_Task details:_
Write out the lines of the material below exactly, beginning at the line with "(immagine per) Gioielli" and stopping after the line with "SWING design bársony hintaszék - mályva", and leave out the pictures.

_Exercise material:_
BEGIN

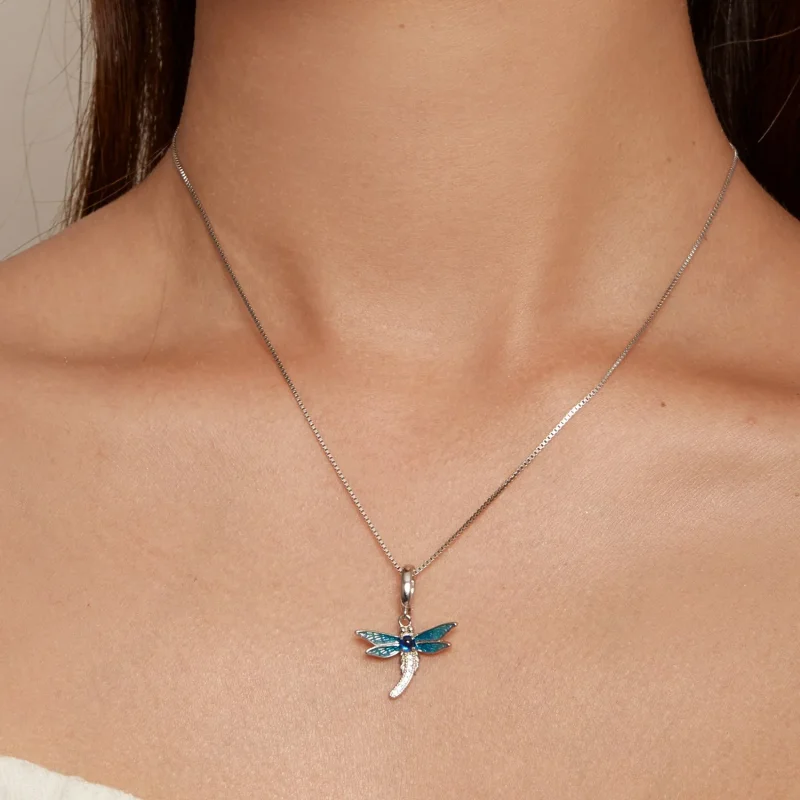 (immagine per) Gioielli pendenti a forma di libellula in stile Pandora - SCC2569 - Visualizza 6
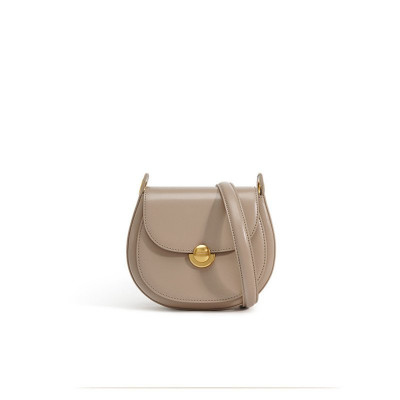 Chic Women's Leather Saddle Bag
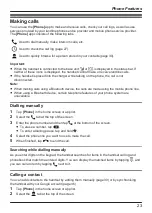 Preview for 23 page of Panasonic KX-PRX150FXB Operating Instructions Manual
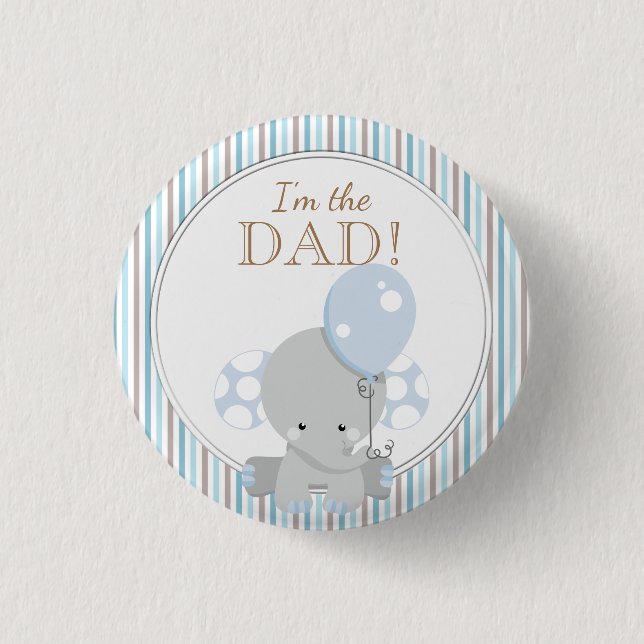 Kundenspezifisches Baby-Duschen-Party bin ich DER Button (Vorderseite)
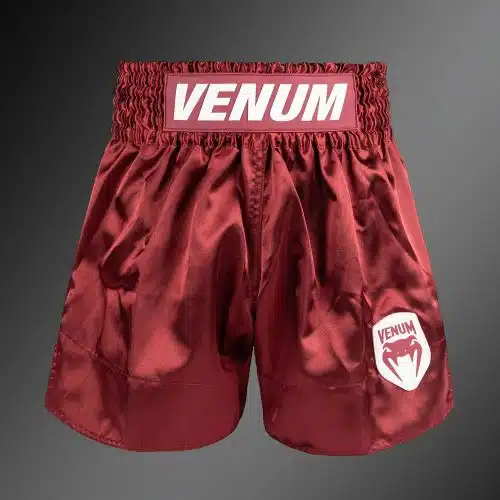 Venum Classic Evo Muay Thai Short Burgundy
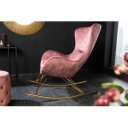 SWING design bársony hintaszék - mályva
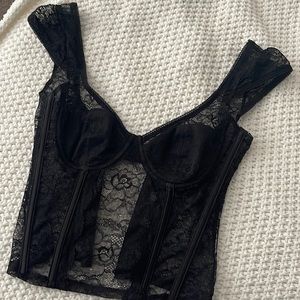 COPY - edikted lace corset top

END
BEGIN

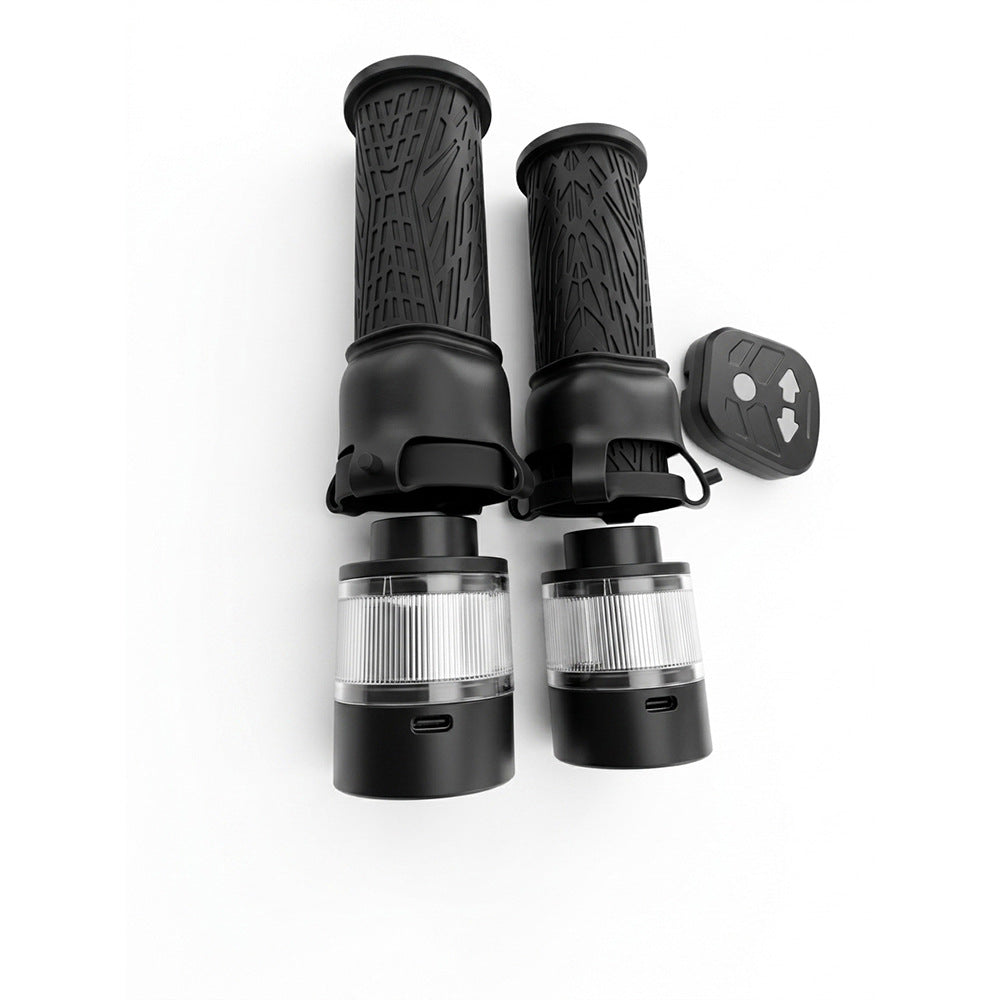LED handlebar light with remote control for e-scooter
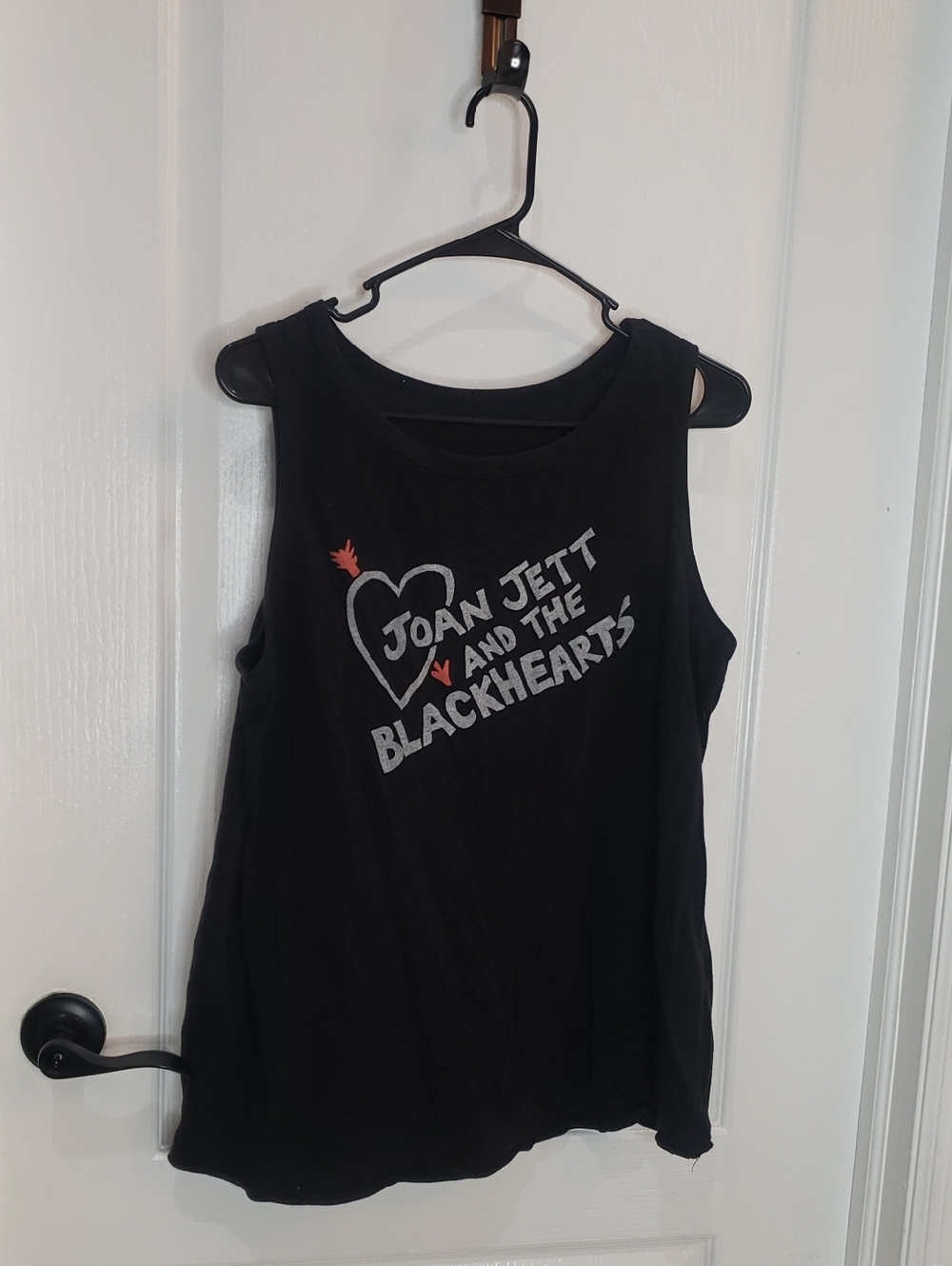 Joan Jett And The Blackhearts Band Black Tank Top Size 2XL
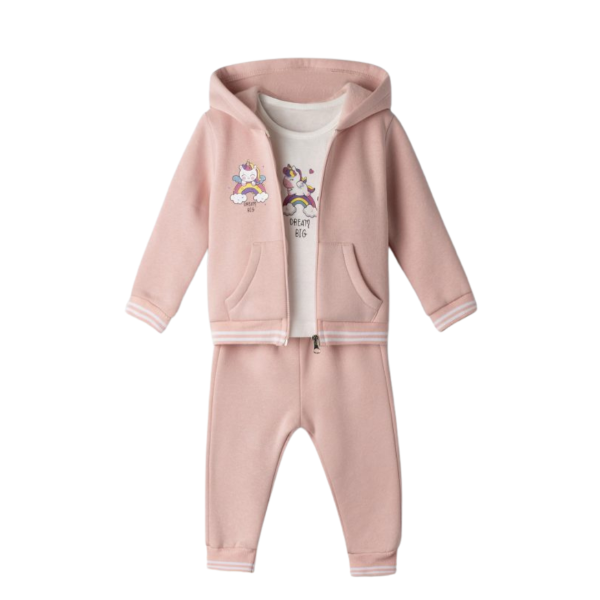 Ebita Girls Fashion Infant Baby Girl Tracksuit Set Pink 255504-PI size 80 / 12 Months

END
BEGIN

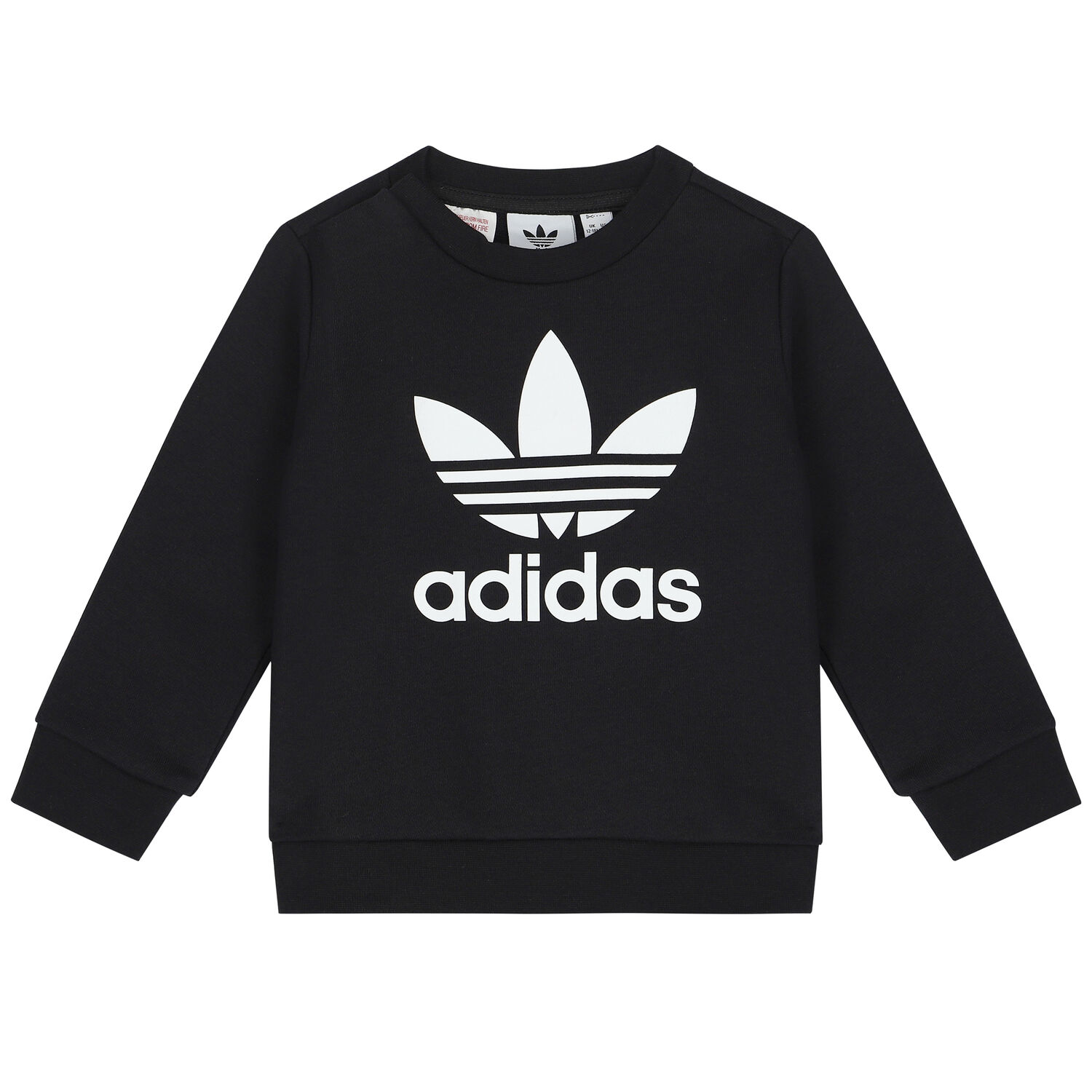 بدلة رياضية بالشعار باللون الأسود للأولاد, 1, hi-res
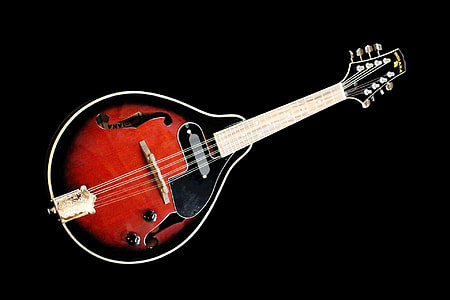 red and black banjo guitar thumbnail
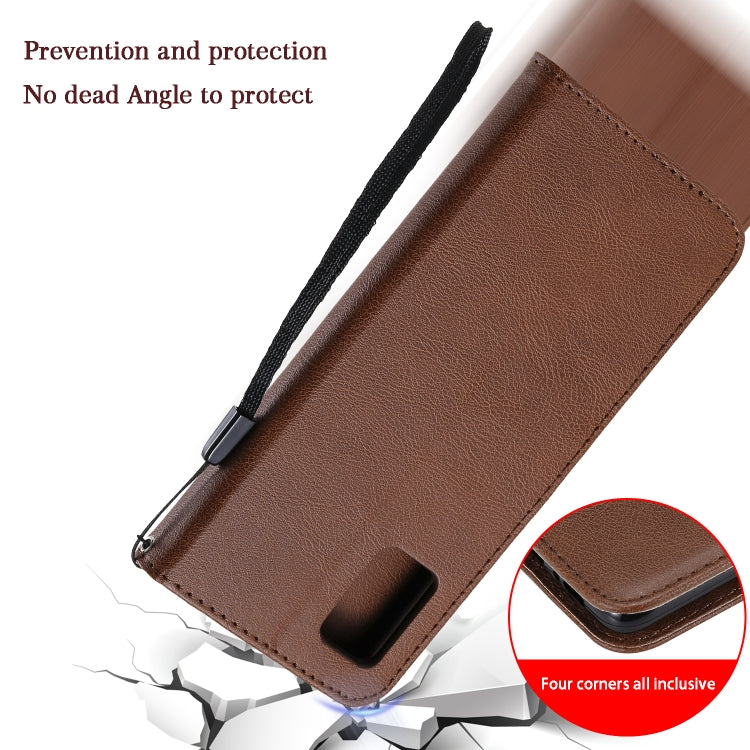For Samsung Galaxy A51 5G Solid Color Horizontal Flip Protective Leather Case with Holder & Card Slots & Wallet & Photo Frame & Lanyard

END

_Task output:_
 (immagine per) Gioielli pendenti a forma di libellula in stile Pandora - SCC2569 - Visualizza 6
 Chic Women's Leather Saddle Bag
 Preview for 23 page of Panasonic KX-PRX150FXB Operating Instructions Manual
 Kundenspezifisches Baby-Duschen-Party bin ich DER Button (Vorderseite)
 Venum Classic Evo Muay Thai Short Burgundy
 SWING design bársony hintaszék - mályva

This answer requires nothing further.